Originally called The Black City because of the dark slate mined and widely used here, Angers (ahn-jay) is considered the gateway to the Loire Valley. This pretty city, with its gardens and large artificial lake, is the former capital of the district of Anjou. It’s easy to reach: the TGV, or high speed train, leaves Paris from a terminal directly in the Charles de Gaulle Airport and zips into town in two hours and fifteen minutes.

Aside from its central location, its major claim to immortality is the Fortress Castle. This overlooks the city from a rocky promontory, covers half a square mile and with its moat and bridge brings to three-dimensional life every sword-and-cannon battle you’ve ever read about in school. Principally built in the thirteenth century, the local counts originally created a stronghold here in the ninth century to protect themselves against the Normans. Only two side walls from this era remain, but following the expulsion of the Plantagenets, Saint-Louis added 17 towers. In the fourteenth century, local dukes erected new buildings inside the fortress, including the Royal Lodge, the chapel and the inner castle.

The eye-popping treasure within its walls is a tapestry approximately 340 feet long, woven on a loom 700 years ago. This “Apocalypse” which represents scenes from the Bible and depicts the ultimate victory of Christ and the triumph of his church took twenty-five people eight years to complete. It is best examined with one of the castle’s guides, who will describe the individual scenes and offer snippets of astonishing information. Over the years, for example, farmers unwittingly used lost panels from this masterpiece as if they were simple fabric scraps. Until rounded up locally by curators and restored for display, tapestry pieces were found covering shrubbery in winter, at the rear of a barn to protect a horse, or fulfilling some other prosaic function.
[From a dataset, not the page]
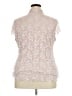 Lane Bryant Ivory Short Sleeve Blouse Size 18 - 20 Plus - photo 2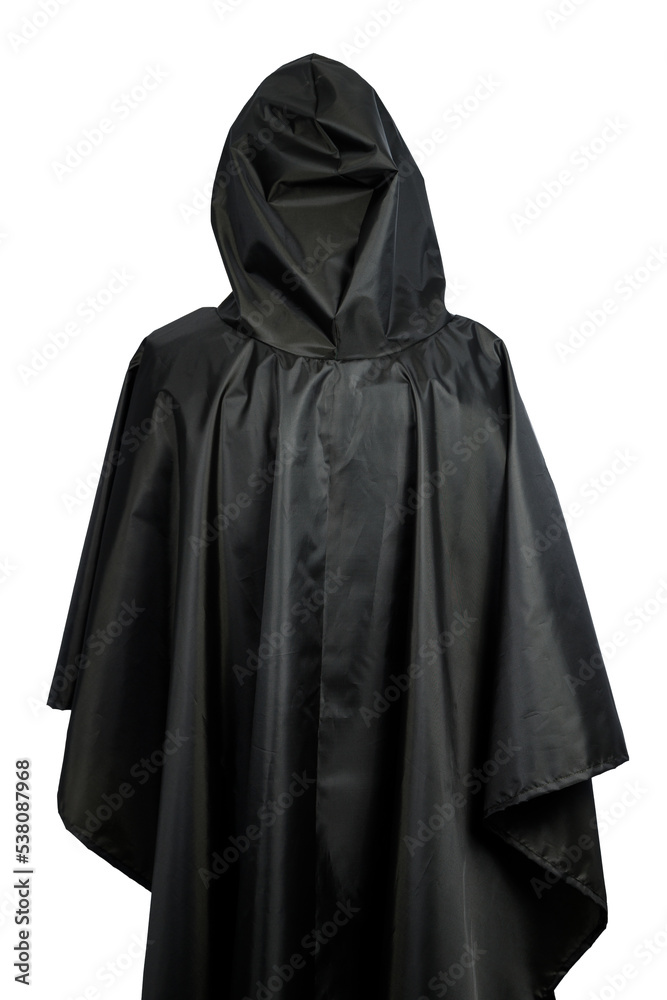Strategic waterproof raincoat in black on a white background Strategic waterproof raincoat in black on a white background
Castles, of course, are the big draw in the Loire region and they’re almost as common here as turns in the road. A dazzler to visit is the fifteenth century Chateau de Brissac, at seven stories tall, the tallest in France. It is owned by the 18 th descendant of the original duke. This current Marquis de Brissac speaks elegant English, serves as a chatty host and will happily rent out one or all of the castle’s four guest rooms. And what rooms! Picture twenty-foot ceilings, paneling, fireplaces, carvings, four-posters covered with damask and Oriental carpets underfoot in the bathrooms. Famous feet have walked on these or danced in one of the ballrooms. (Photographs of Sophia Loren and Gerard Depardieu are a big tip-off; among other celebrities, both stayed here.) Parties can be arranged in one of the castle’s banquet rooms, there is a theatre on the premises and a surrounding park complete with centuries-old trees.

There’s plenty of life outside the castles, too. The plant at which Cointreau is made and bottled is nearby. Here’s where dried orange peels get turned into the drinks that give a nice glow, thanks to the addition of alcohol and sugar syrup. The formula is a dead secret but guided tours of the plant reveal almost everything else. Tours leave twice a day, more often during the summer season. The liqueur is there to taste as part of the entertainment, and it’s offered for sale here as well.

Perhaps lunch calls for further glass-raising. This is wine country after all, so an appropriate place to eat might be Le Bouchon. This casual restaurant, (in which you’ll sit at a table on backless stools) offers a choice of five hundred wines and, yes, interesting dishes too. La Chiffonnade de Rillauds à la Graine de Moutarde is the house specialty and its translation is “breast of pork in mustard”. The price of this dish is about eight dollars, average for a main lunch course here.

Walk it off shopping. On Rue Toussaint find “antiquités,” as for example at Jolivet, which features exotic pieces, or Antica specializing in furniture. In others you’ll find old French books, bibelots, silver, porcelain. Stop at the half-timbered La Maison d’Adam for local crafts or check out the Angers branch of the big Parisian department store, Galeries Lafayette. Since the area is a popular tourist destination most everyone speaks English. The restaurant menus do need some translation help though, so do bring your French phrase book and learn to say, d’accord, which means, “it’s okay with me.”

If your budget permits, stay at the Château de Noireau in nearby Briollay. This former vegetable farm, now refurbished into a Relais et Châteaux resort, gives special meaning to the word Perfection. With fireplaces everywhere including in the huge guest rooms, a tennis court and swimming pool, gardens to meander in and service that’s a dream, you owe it to yourself at least to take one meal in its pale gold dining room. Every last thing, including the breads and desserts, is prepared under this roof and fifty or sixty dollars will buy you a dinner served under silver domes reflecting light from the chandeliers above. It’s followed by an exotic assortment of original desserts–mousses, ice creams, parfaits, you- name-it, each a piece of sculpture on your plate–followed by petit cookies you can take with your café.

In Angers, you won’t be at a loss about what to write on your postcards home. The Tourist Office on Place Kennedy in town will give you more ideas on how to enjoy the fountains, the gardens, the Cathedral. And within another hour’s driving time, the rest of the Loire Valley waits.